В связи с введением института следственных судей, мне кажется, настало время отказаться от института предварительного следствия по ненасильственным корыстным преступлениям. У нас очень удручающая статистика: большинство таких преступлений прекращается либо с и стечением сроков давности, либо по другим не реабилитирующим основаниям. В суд уходит мало. Поскольку следствие очень длинное, экспертизы занимают по полгода, и все это время лица находятся в следственном изоляторе. Если правоохранительные органы считают, что лицо совершило мошенничество, предоставляйте все документы в суд, и пусть следственный судья назначает экспертизу на основе состязательности. Потому что сейчас защита не может получить заключение эксперта в уголовном процессе - только заключение специалиста. Это уже диспропорция их процессуального статуса. Это заключения всегда нивелируется стороной обвинения, потому что указанное лицо не видело всех документов и документы не были заверены следователем. Существующих механизмов недостаточно: защитник может поставить перед экспертом вопросы, но следователь сам определяет их конечный перечень. 
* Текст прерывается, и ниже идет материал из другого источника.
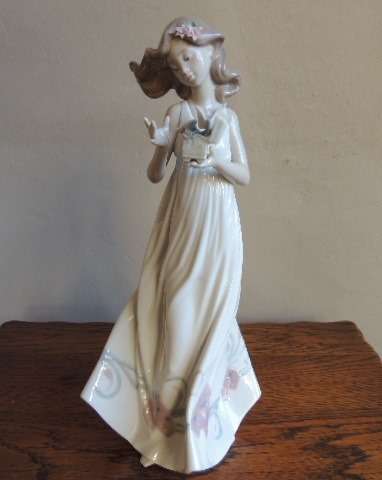 LLADRO LADY - "BUTTERFLY TREASURES"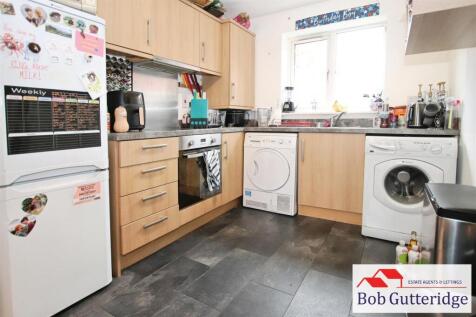 OPEN PLAN FITTED KITCHEN / LOUNGE DINER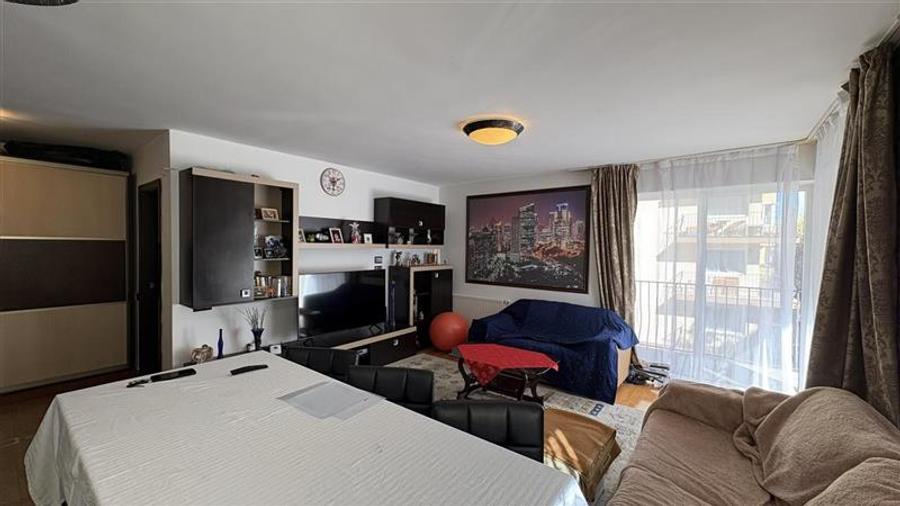 Apartament cu 2 camere circular, mobilat în Florești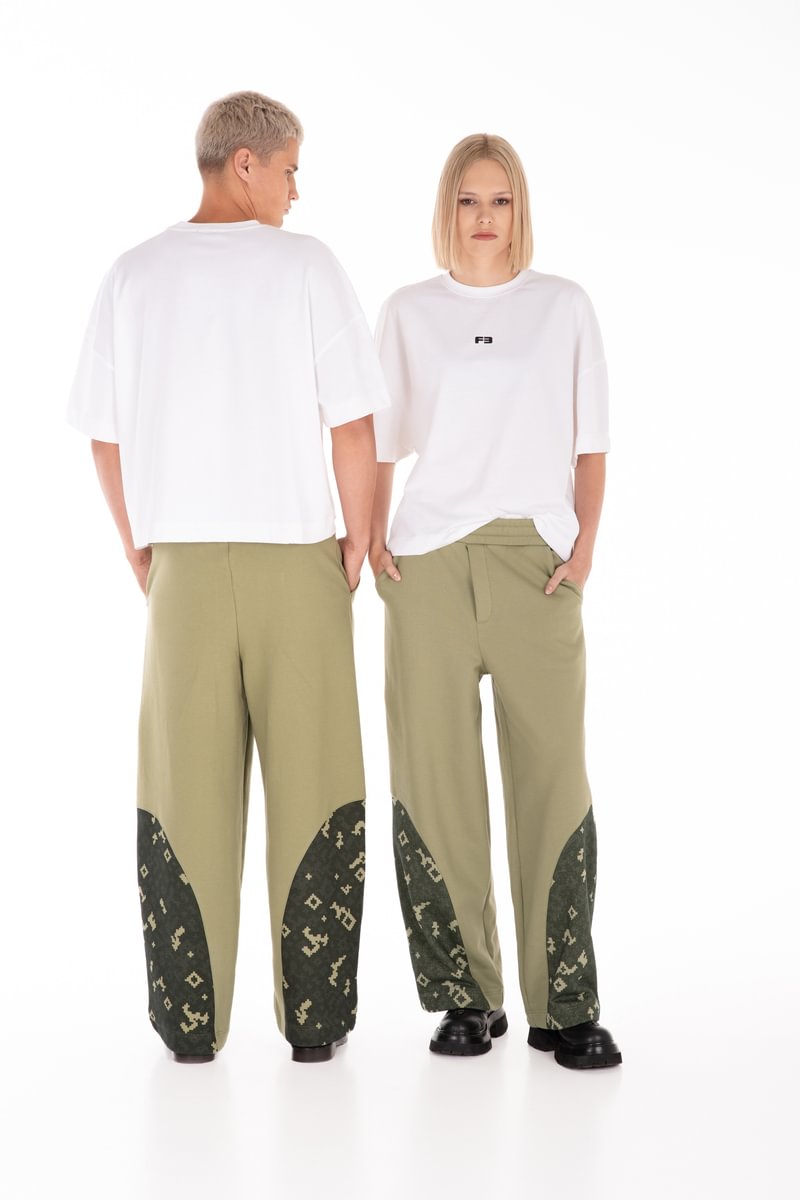 UNISEX šukuotinės medvilnės marškinėliai "Raimedas Latvys"
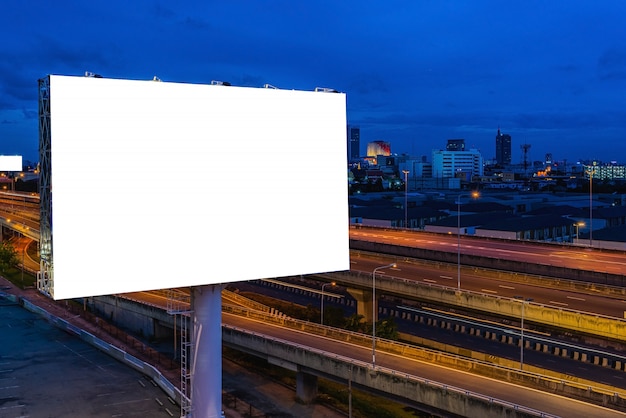 Foto cartelera en blanco para carteles publicitarios al aire libre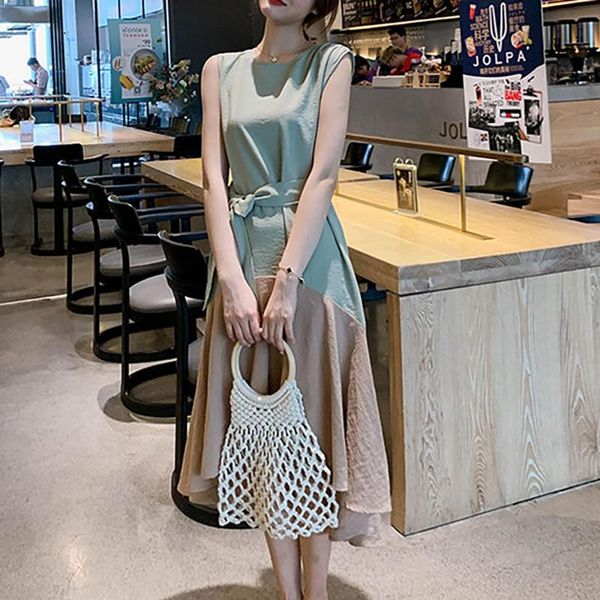casual dresses for women 2021 summer fashion elegant temperament round neck high waist splicing lacing belt midi dress, Black;gray
casual dresses for women 2021 summer fashion elegant temperament round neck high waist splicing lacing belt midi dress, Black;gray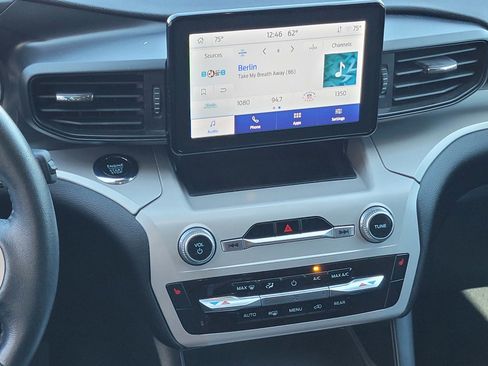 Used 2023 Ford Explorer XLT image 11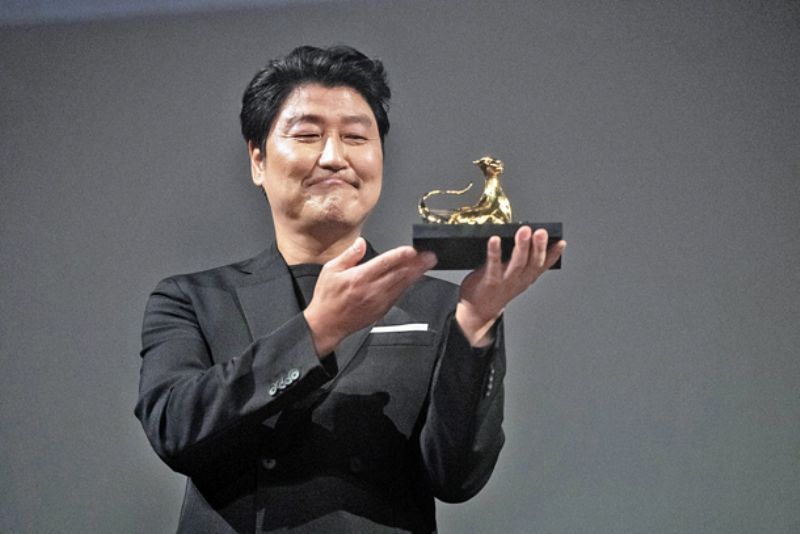 Song Kang-ho s nagradom za izvrsnost na 72. međunarodnom filmskom festivalu u Locarnu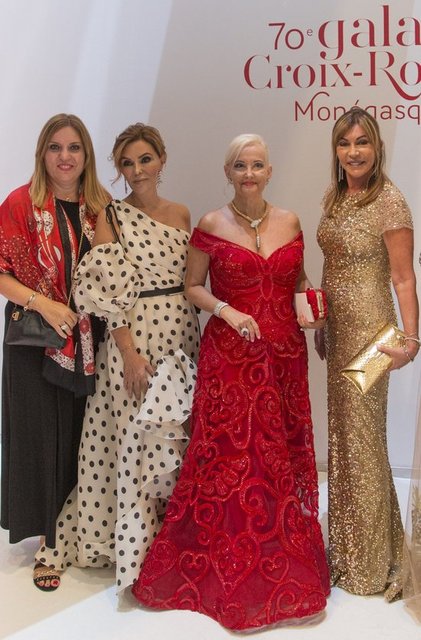 HÜLYA BİREN, MARKİZ ROBERTO GİLARDİ, FERYAL GÜLMAN, DALİA GARİH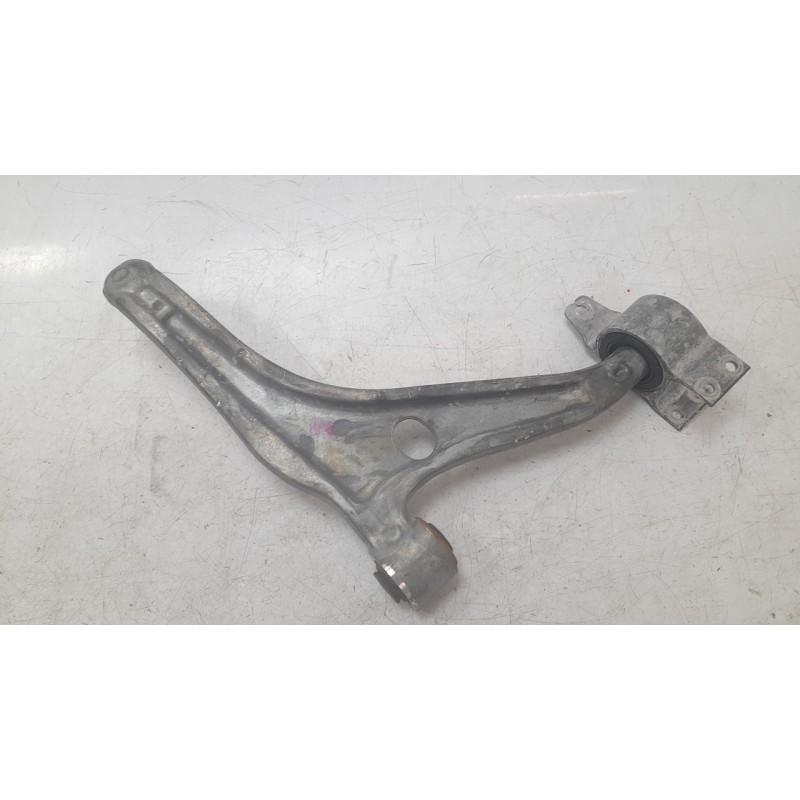 Recambio de brazo suspension inferior delantero izquierdo para mercedes-benz eqb (x243) eqb 250+ (243.602) referencia OEM IAM 24
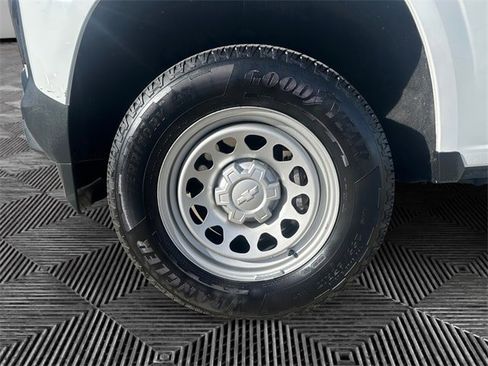 Used 2024 Chevrolet Colorado W/T image 14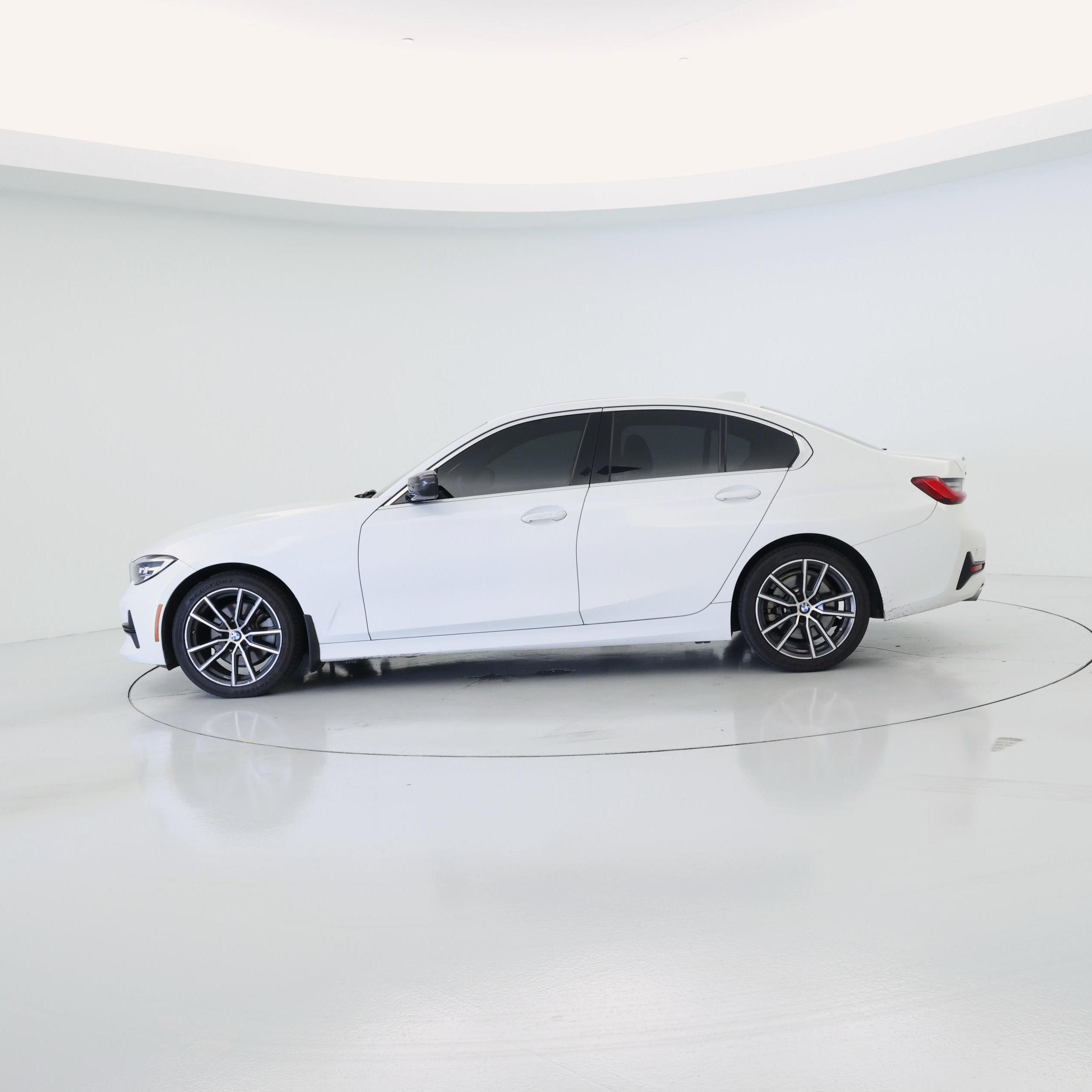 Thumbnail: 2020 BMW 3 Series - 3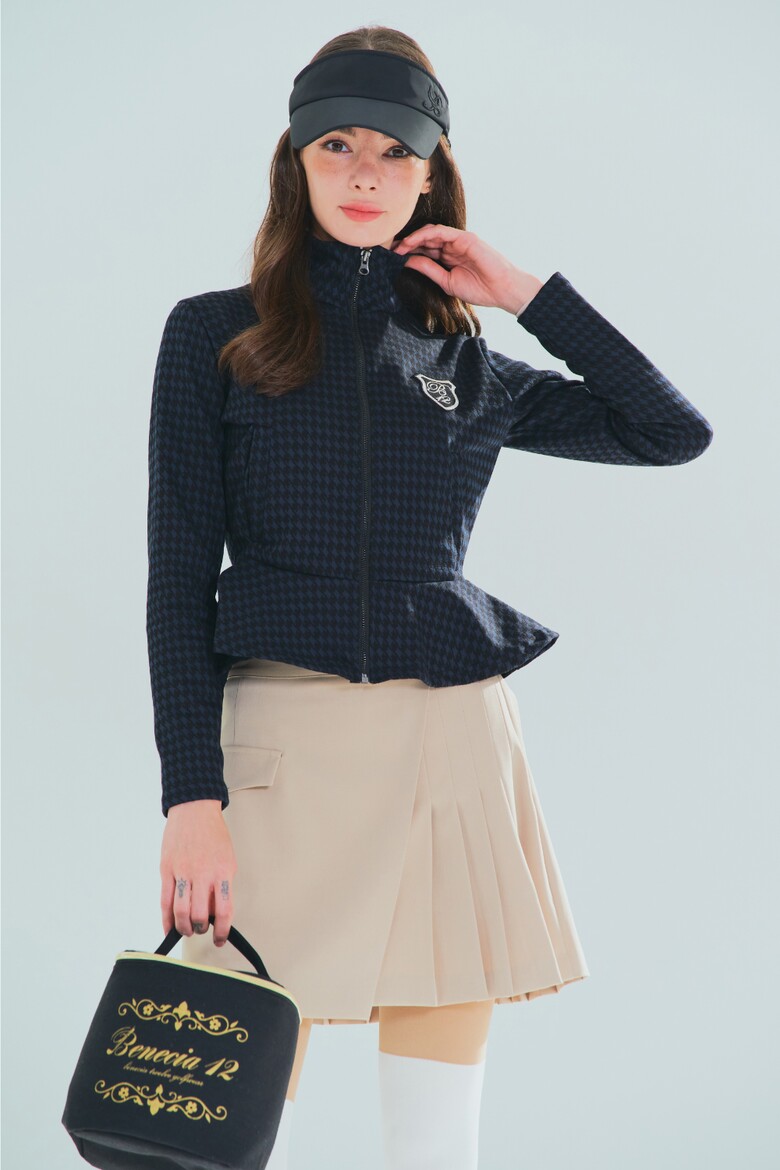 재킷 모델 착용 이미지-S1L10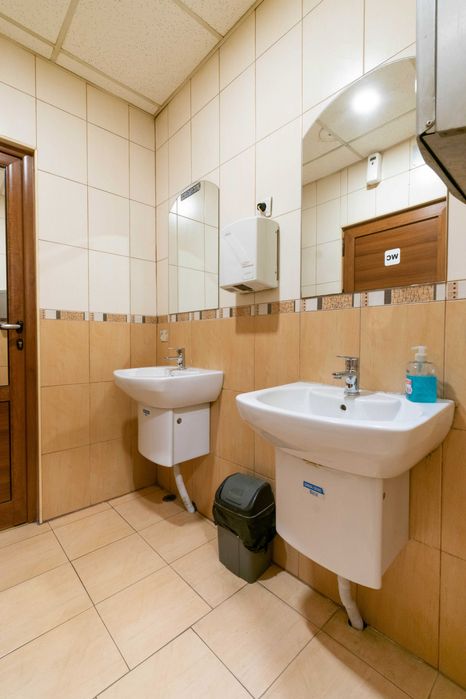 Търговски имот 390 кв.м за продажба – бул. „Източен“, Пловдив*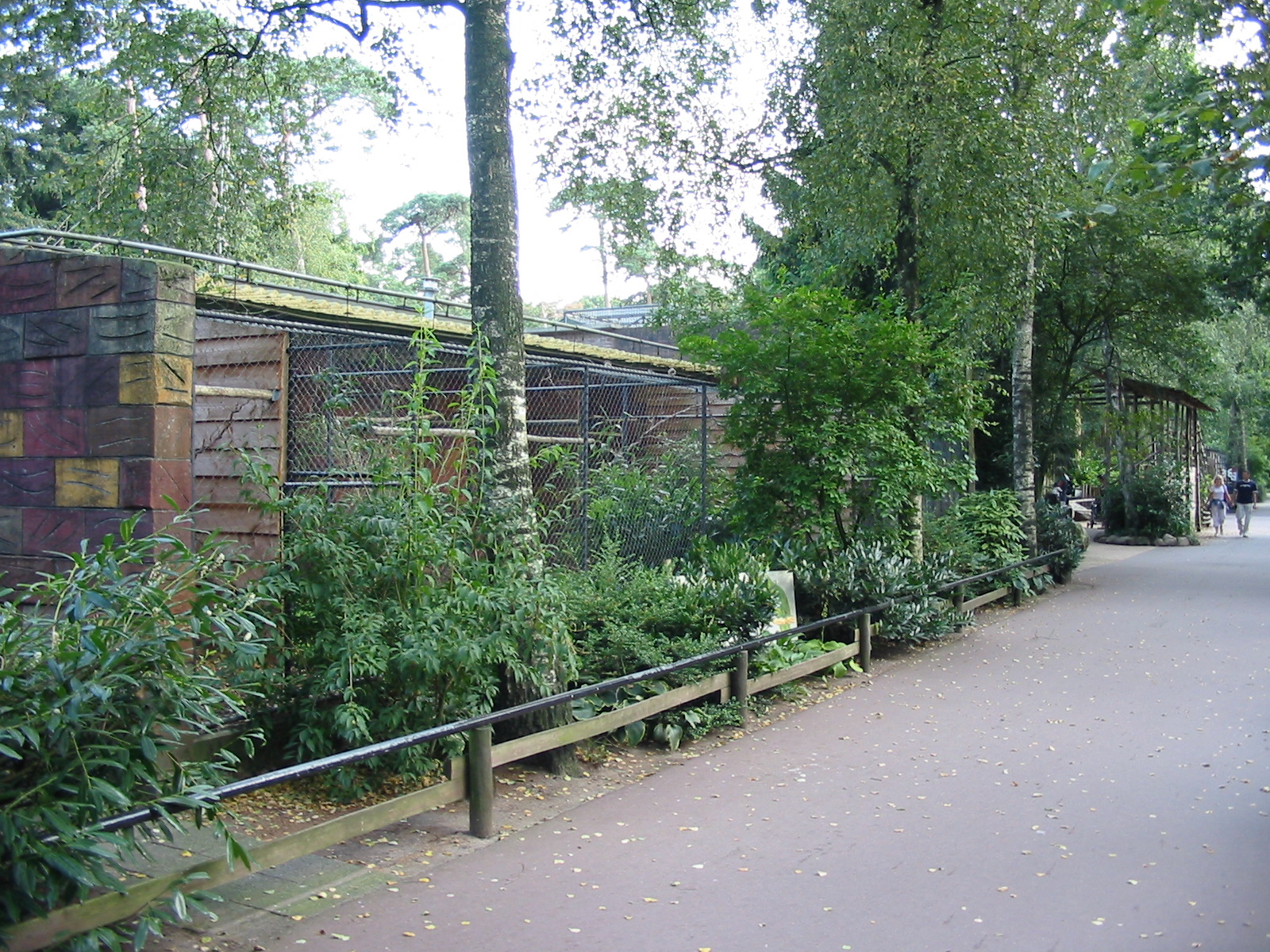 Dierenpark Amersfoort 2004 - Row of cages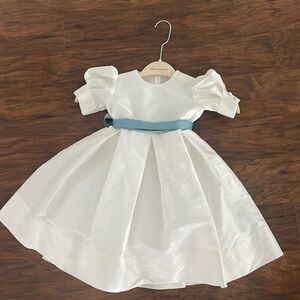 Beautiful flower girl dress size 18 months - never been worn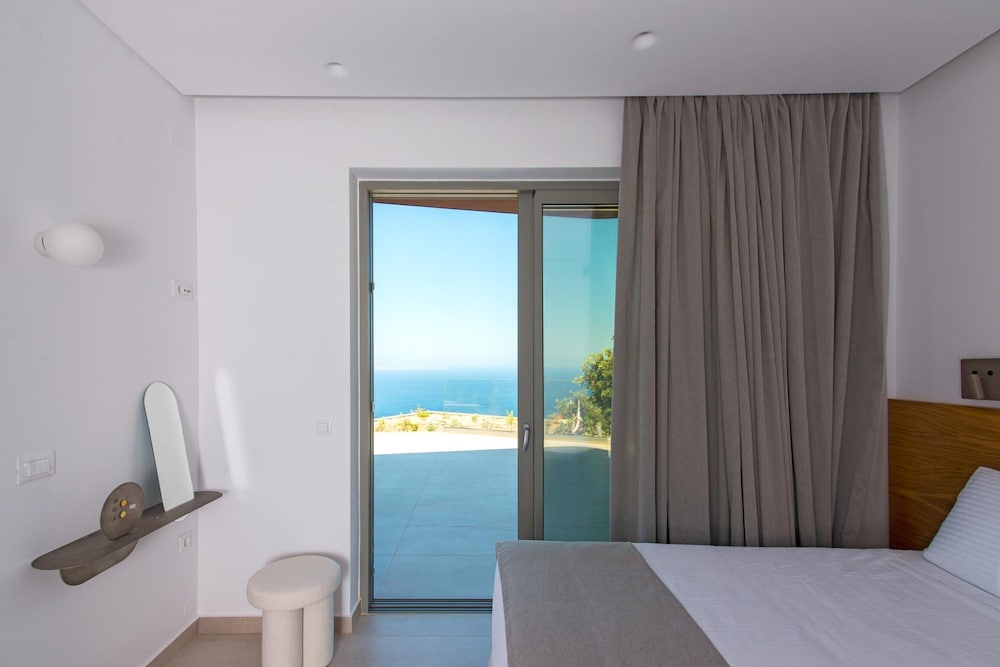 Villa photo 3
Для нас важно, чтобы защита могла назначать и проводить экспертизу, а это возможно, когда нет бесконечного предварительного следствия, а установлен короткий срок для сбора первичных документов. Публичный процесс всегда снижает уровень возможных злоупотреблений правом. У нас есть подзащитный, который уже шесть лет под подпиской о невыезде - о каких разумных сроках тут можно говорить? Следователь отказывается менять ему меру пресечения, хотя не расследует дело. Правоохранительные органы стараются избегать прекращения по реабилитирующему основанию, истечение сроков давности является техническим выходом. При этом лицо остается с гражданским иском. Поэтому я считаю, что мы должны переходить на другую модель правосудия.